Personal privacy concerns may limit the growth of the high-volume consumer and commercial GPS-based applications and demand for our GPS products.

GPS-based consumer and commercial applications rely on the ability to receive, analyze and store location information. Consumers may not accept some GPS applications because of the fact that their location can be tracked by others and that this information could be collected and stored. Also, federal and state governments may disallow specific uses of GPS technology for privacy or other reasons or could subject this industry to regulation. If consumers view GPS-based applications as a threat to their privacy, demand for some GPS-based products could decline.

Rapidly changing standards could make our products uncompetitive or obsolete, which would cause our operating results to suffer.

The emergence of markets for our chipsets is affected by a variety of factors beyond our control. In particular, some of our products are designed to conform to standards set by industry standards bodies and alliances such as the IEEE, the Bluetooth Special Interest Group and the HomePlug Powerline Alliance. We also depend on industry groups such as the WiFi Alliance to certify and maintain certification of our products.
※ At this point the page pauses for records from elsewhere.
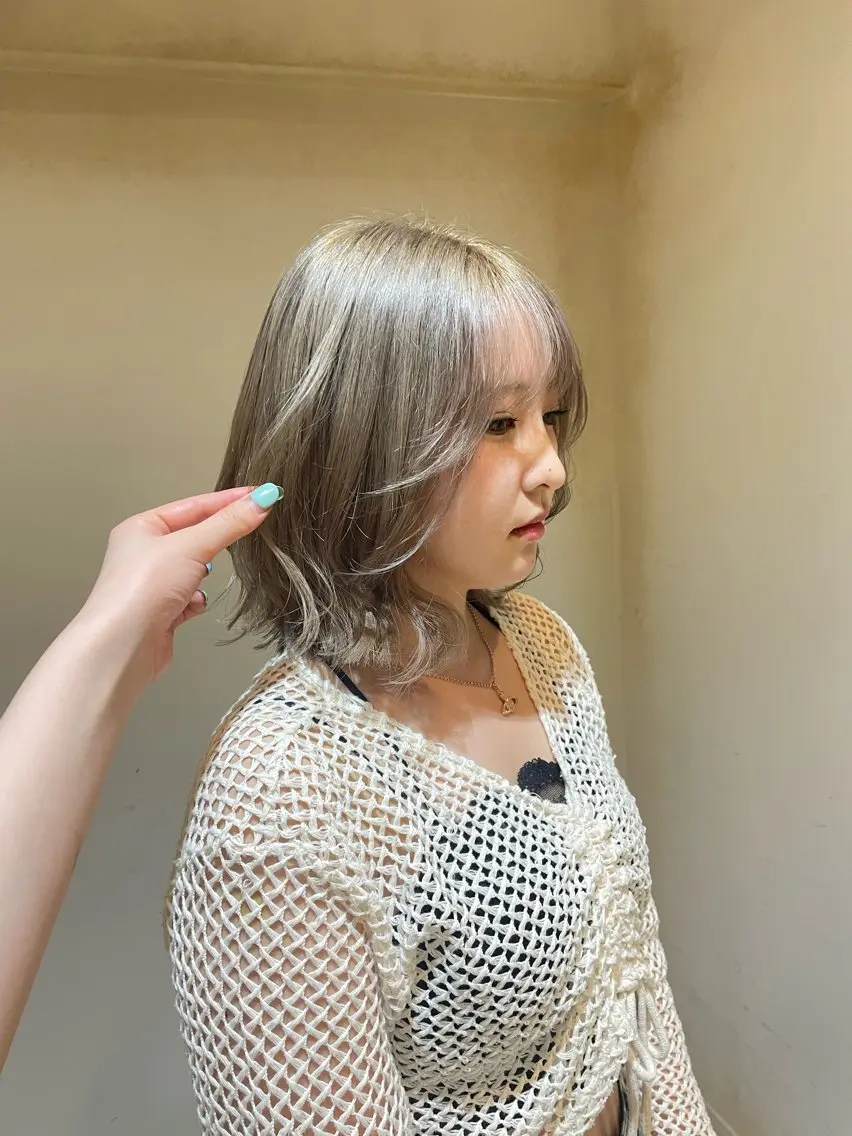 ミディアム ヘアカラー 長谷 若奈のヘアスタイル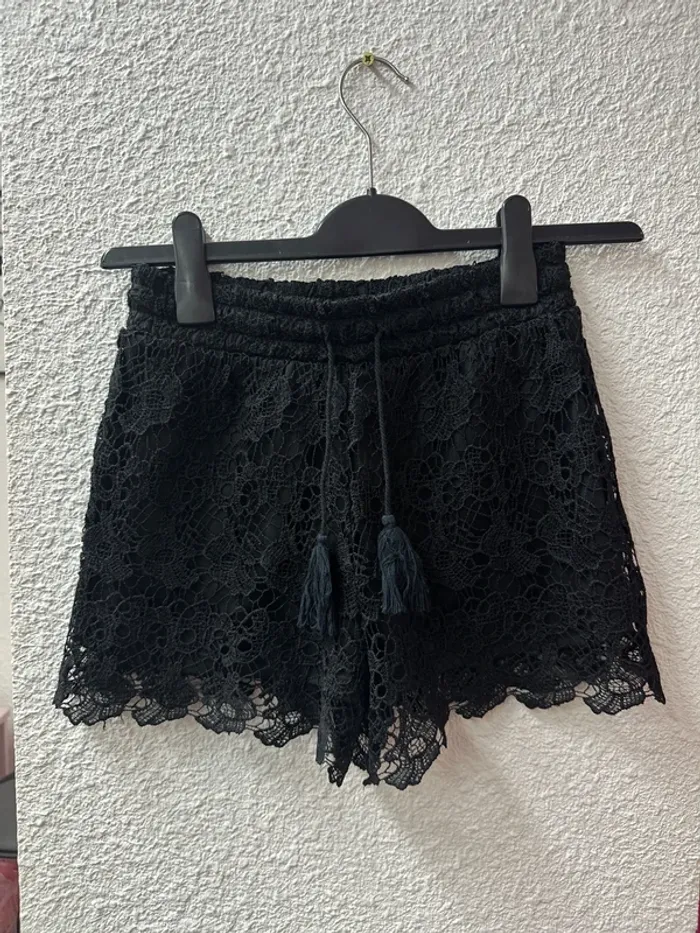 Short en dentelle doublé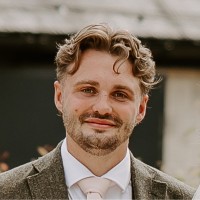Alistair Brooks Email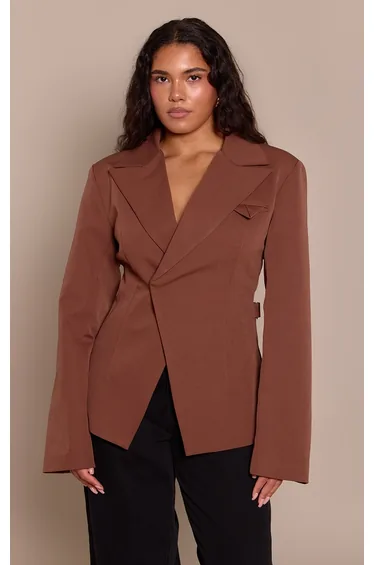 بليزر بتصميم متقاطع بخصر قابل للتعديل لون بني - للمقاسات الممتلئة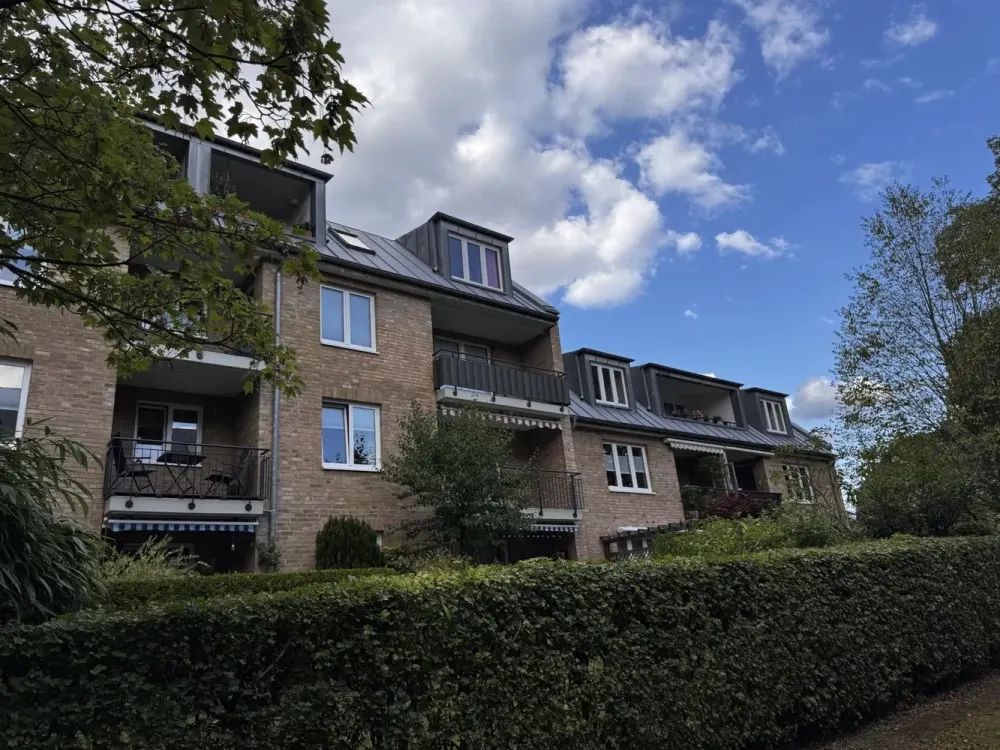 Helle 2-Zimmer-Wohnung mit Balkon & neuer Einbauküche in Reinbek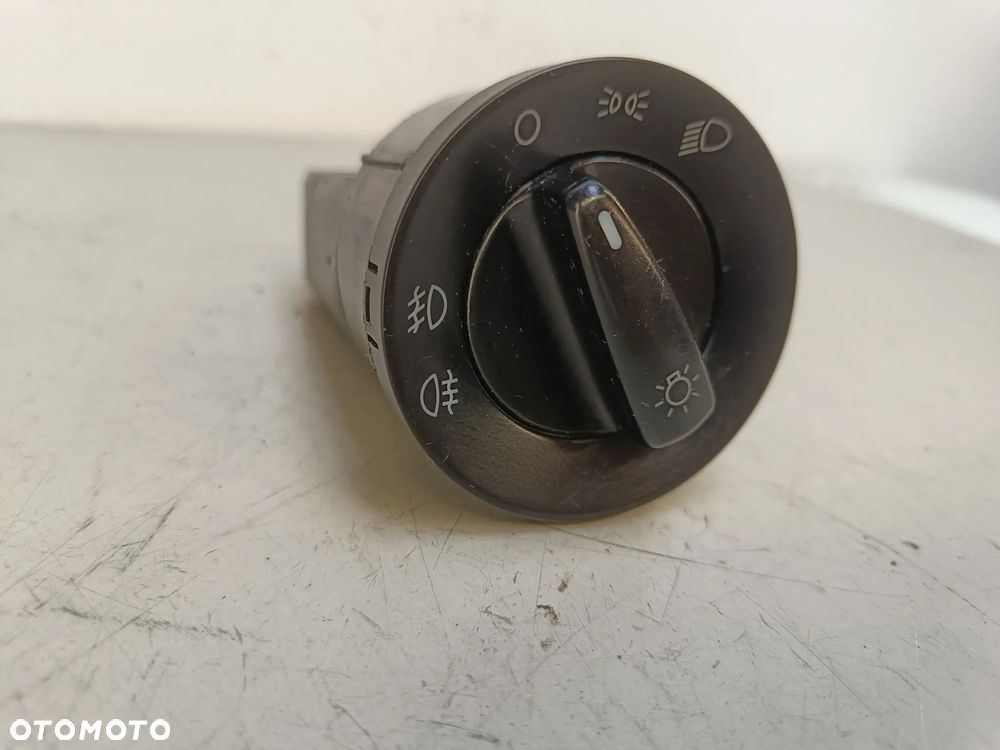 Włącznik świateł Skoda Octavia I FL Lift Superb Fabia Roomster Przełącznik świateł 3B0941531C - 3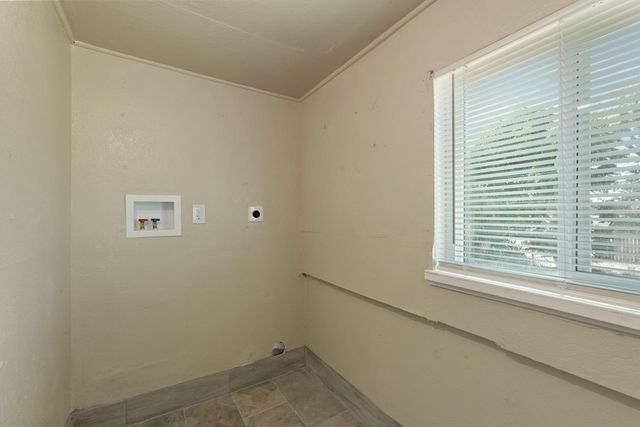 1803 Milton St, Stockton, CA 95205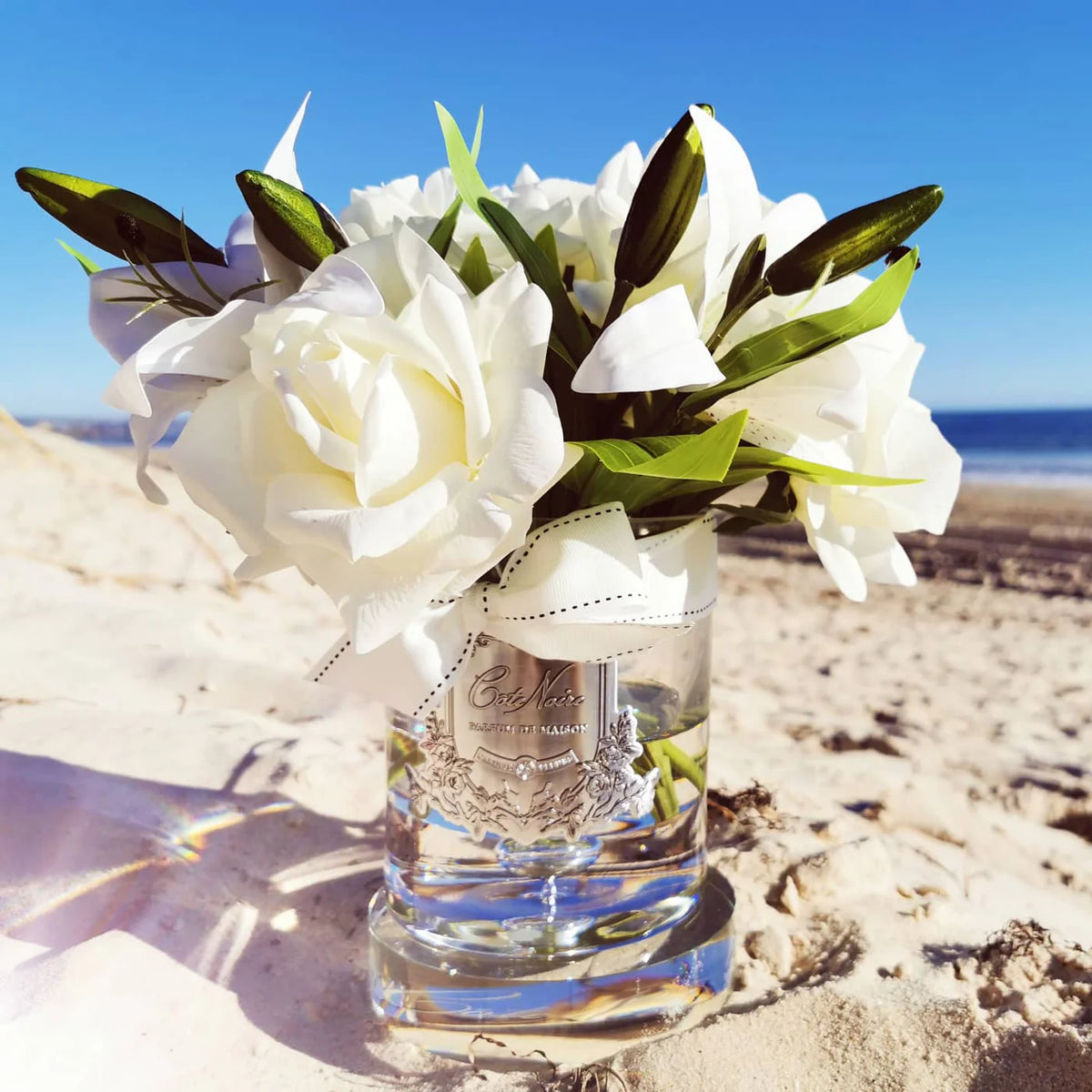 Cote Noire Luxury Roses & Lilies White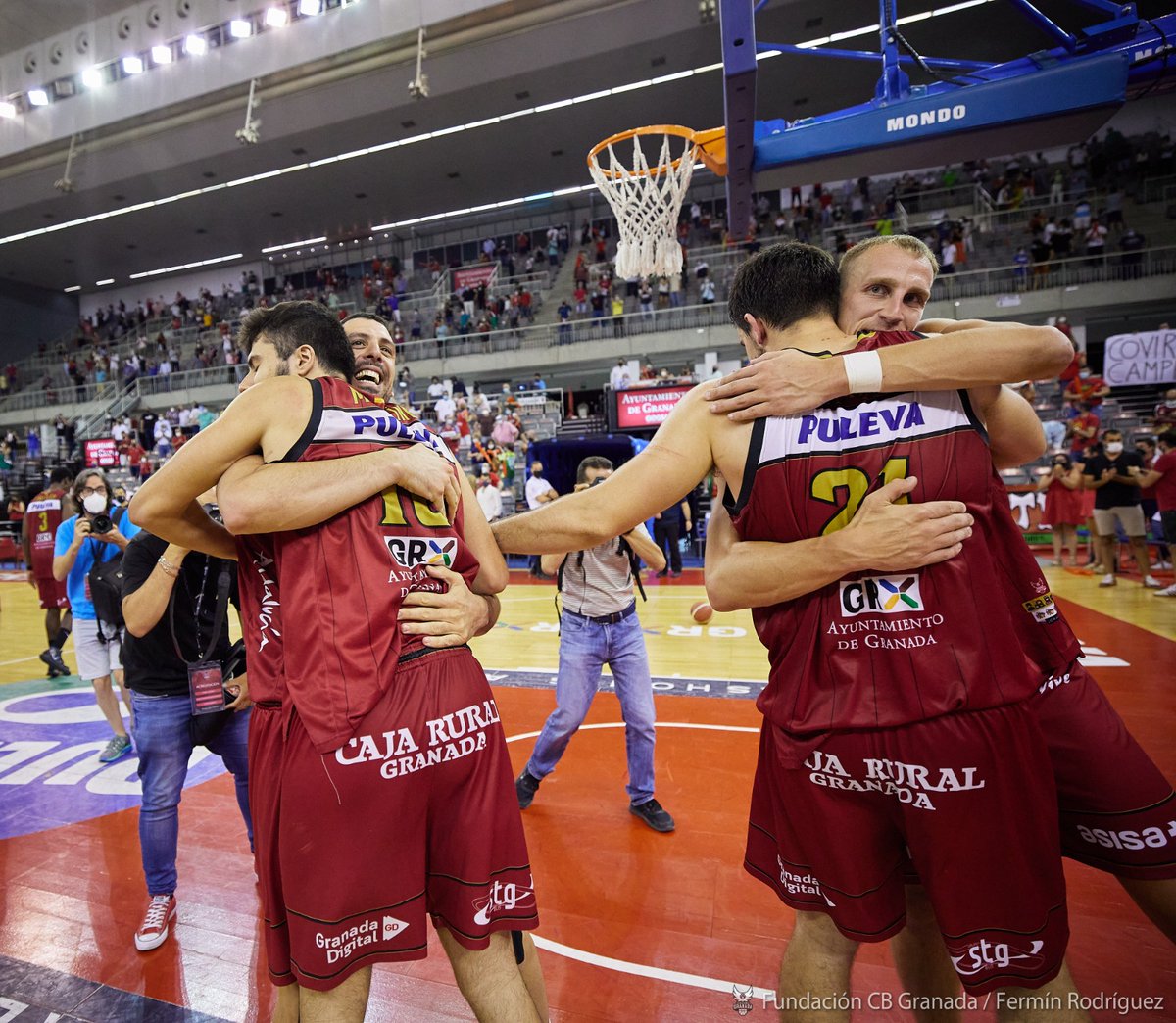 Jose Manuel Puertas (@josempuertas) on Twitter photo Ahora es la tercera campaña en LEB Oro. Y hoy ha conseguido meterse en la final por el ascenso a <a href="/ACBCOM/">Liga Endesa</a>.
Arrancará el sábado ante <a href="/CBBreogan/">Río Breogán</a> y va a molar mucho.
Pase lo que pase, aquel cántico del Veleta ya no es una quimera.
Enhorabuena a los artífices.
📸@ferminius Ahora es la tercera campaña en LEB Oro. Y hoy ha conseguido meterse en la final por el ascenso a <a href="/ACBCOM/">Liga Endesa</a>.
Arrancará el sábado ante <a href="/CBBreogan/">Río Breogán</a> y va a molar mucho.
Pase lo que pase, aquel cántico del Veleta ya no es una quimera.
Enhorabuena a los artífices.
📸@ferminius
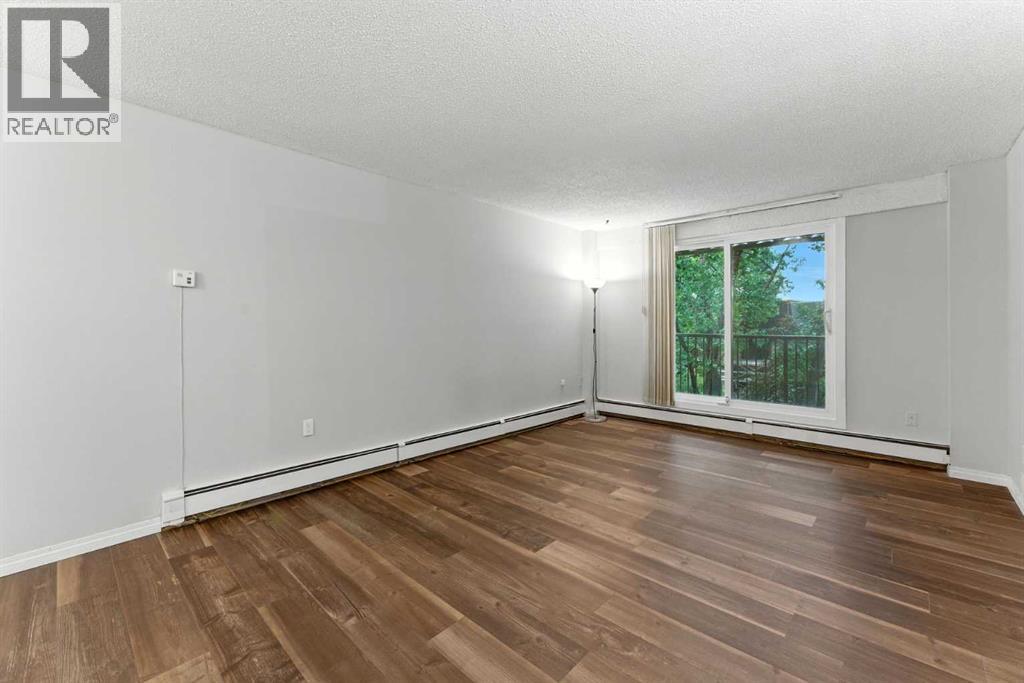 Single Family House for Sale in    Street NW Varsity Calgary 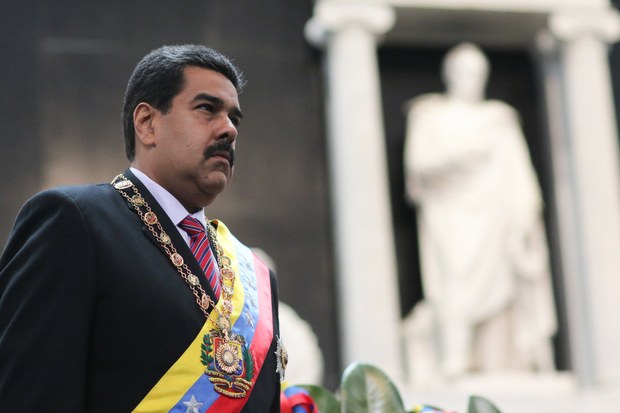 "A tan solo un día del anuncio de la Reserva Federal, los precios petroleros bajaron de 30 a 28 dólares" alertó Maduro / Venezuela advirtió con tiempo en reunión OPEP, sobre este nuevo y grave mecanismo para alterar los precios del petróleo.
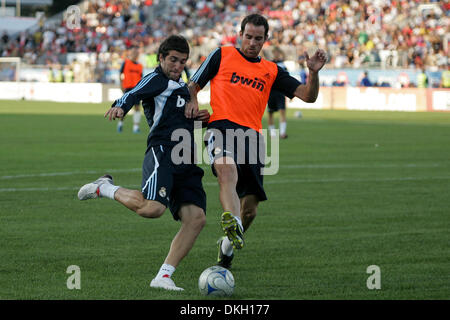 06 août 2009 - Toronto, Ontario, Canada - 6 août 2009 : Ruben De la Red (18) prépare un tir que Christoph Metzelder (21) porte sur lui. Real Madrid FC du La Liga en Espagne pratique sur l'herbe nouvellement posées un jour avant leur match amical contre le FC de Toronto de la MLS au BMO Field à Toronto, Ontario. (Crédit Image : © Steve Southcreek Dormer/global/ZUMApress.com) Banque D'Images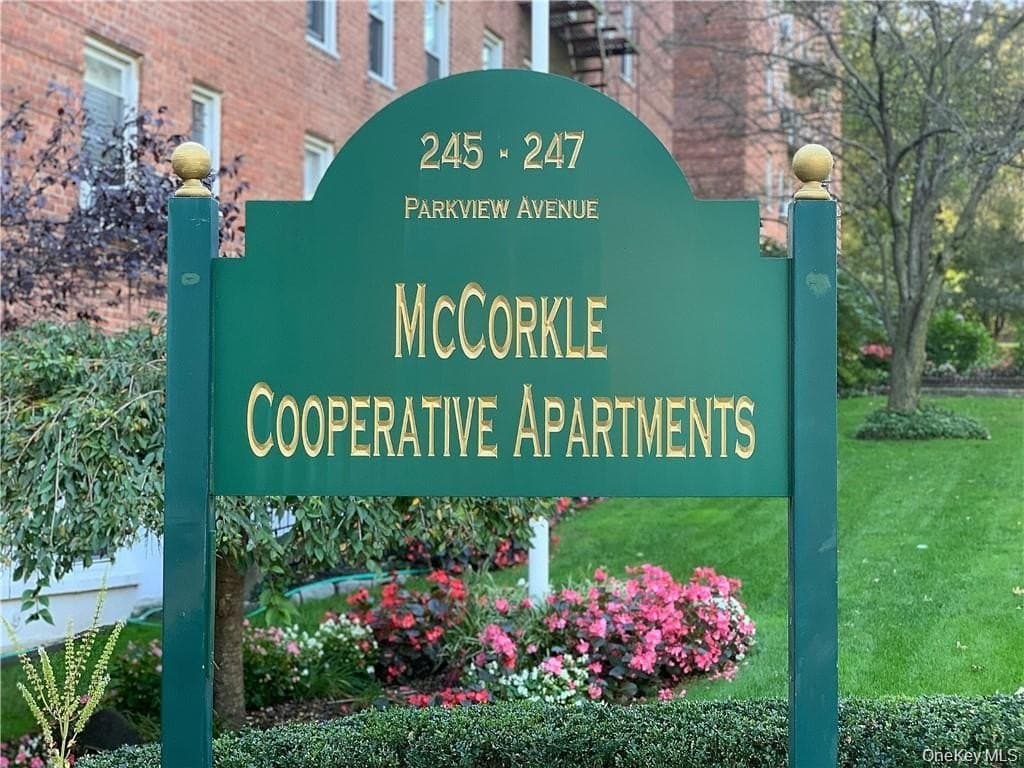 245 Parkview Ave Apt 6H, Bronxville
If our customers adopt new or competing industry standards with which our products are not compatible, or such industry groups fail to adopt standards with which our products are compatible, our existing products would become less desirable to our customers, our sales would suffer, and we could be required to make significant expenditures to develop new products. In addition, most of our powerline products are based upon specifications adopted by the HomePlug Powerline Alliance. The HomePlug Powerline Alliance could adopt changes to these specifications or adopt new or additional specifications that would require us to make changes to our products or develop new products in order to comply with the new specifications. In addition, other industry associations formed to promote PLC have already established their own specifications which conflict with the HomePlug specifications. Furthermore, other groups that have more international recognition as independent standards development organizations, such as the IEEE and the International Telecommunication Union, or ITU, are also working on the adoption of powerline and anywire wireline communications standards that may be different from, and incompatible with, the HomePlug specifications used by most of our powerline products. For example, we do not believe that our HomePlug products would interoperate or coexist with the physical layer of the proposed G.hn anywire communications standard. We are unable to predict whether or when a G.hn standard will be ratified by the ITU or, if it is, the degree to which the final specification, or subsequent changes to the specification, will require us to make changes to our existing powerline products or to designs we have in progress.

Our use of standards-based technology reduces the value of our intellectual property and exposes us to additional competition.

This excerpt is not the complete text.